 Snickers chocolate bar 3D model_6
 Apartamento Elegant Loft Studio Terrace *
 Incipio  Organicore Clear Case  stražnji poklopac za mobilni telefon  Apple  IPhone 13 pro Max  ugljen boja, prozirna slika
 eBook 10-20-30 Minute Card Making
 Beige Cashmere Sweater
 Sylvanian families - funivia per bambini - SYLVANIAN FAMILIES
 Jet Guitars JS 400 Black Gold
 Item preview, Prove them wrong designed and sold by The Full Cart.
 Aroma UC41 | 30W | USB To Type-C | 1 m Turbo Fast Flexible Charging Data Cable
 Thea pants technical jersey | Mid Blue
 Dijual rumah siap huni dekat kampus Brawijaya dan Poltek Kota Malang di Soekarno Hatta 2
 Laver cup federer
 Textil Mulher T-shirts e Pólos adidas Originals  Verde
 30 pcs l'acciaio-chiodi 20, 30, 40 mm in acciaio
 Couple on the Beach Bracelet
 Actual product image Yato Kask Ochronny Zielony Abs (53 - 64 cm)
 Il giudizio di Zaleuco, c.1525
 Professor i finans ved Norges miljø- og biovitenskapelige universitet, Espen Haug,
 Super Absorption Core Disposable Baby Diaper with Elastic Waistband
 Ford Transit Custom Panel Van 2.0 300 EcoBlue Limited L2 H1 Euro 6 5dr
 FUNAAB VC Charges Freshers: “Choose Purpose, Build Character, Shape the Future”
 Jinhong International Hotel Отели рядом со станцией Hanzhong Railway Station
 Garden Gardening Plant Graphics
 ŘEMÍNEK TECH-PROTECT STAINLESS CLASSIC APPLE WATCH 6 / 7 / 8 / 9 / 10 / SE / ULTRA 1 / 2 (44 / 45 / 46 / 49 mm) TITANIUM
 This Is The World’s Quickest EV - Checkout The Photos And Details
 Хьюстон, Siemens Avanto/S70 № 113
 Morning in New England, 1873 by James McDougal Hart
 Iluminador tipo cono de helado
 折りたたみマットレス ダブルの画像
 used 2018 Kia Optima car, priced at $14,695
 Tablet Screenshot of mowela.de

● ● ●

● **Goal of the exercise**
Beginning at the top of the data, extract each line through the line containing "Professor i finans" and return those lines exactly, with nothing added.

● **Task answer**
 Snickers chocolate bar 3D model_6
 Apartamento Elegant Loft Studio Terrace *
 Incipio  Organicore Clear Case  stražnji poklopac za mobilni telefon  Apple  IPhone 13 pro Max  ugljen boja, prozirna slika
 eBook 10-20-30 Minute Card Making
 Beige Cashmere Sweater
 Sylvanian families - funivia per bambini - SYLVANIAN FAMILIES
 Jet Guitars JS 400 Black Gold
 Item preview, Prove them wrong designed and sold by The Full Cart.
 Aroma UC41 | 30W | USB To Type-C | 1 m Turbo Fast Flexible Charging Data Cable
 Thea pants technical jersey | Mid Blue
 Dijual rumah siap huni dekat kampus Brawijaya dan Poltek Kota Malang di Soekarno Hatta 2
 Laver cup federer
 Textil Mulher T-shirts e Pólos adidas Originals  Verde
 30 pcs l'acciaio-chiodi 20, 30, 40 mm in acciaio
 Couple on the Beach Bracelet
 Actual product image Yato Kask Ochronny Zielony Abs (53 - 64 cm)
 Il giudizio di Zaleuco, c.1525
 Professor i finans ved Norges miljø- og biovitenskapelige universitet, Espen Haug,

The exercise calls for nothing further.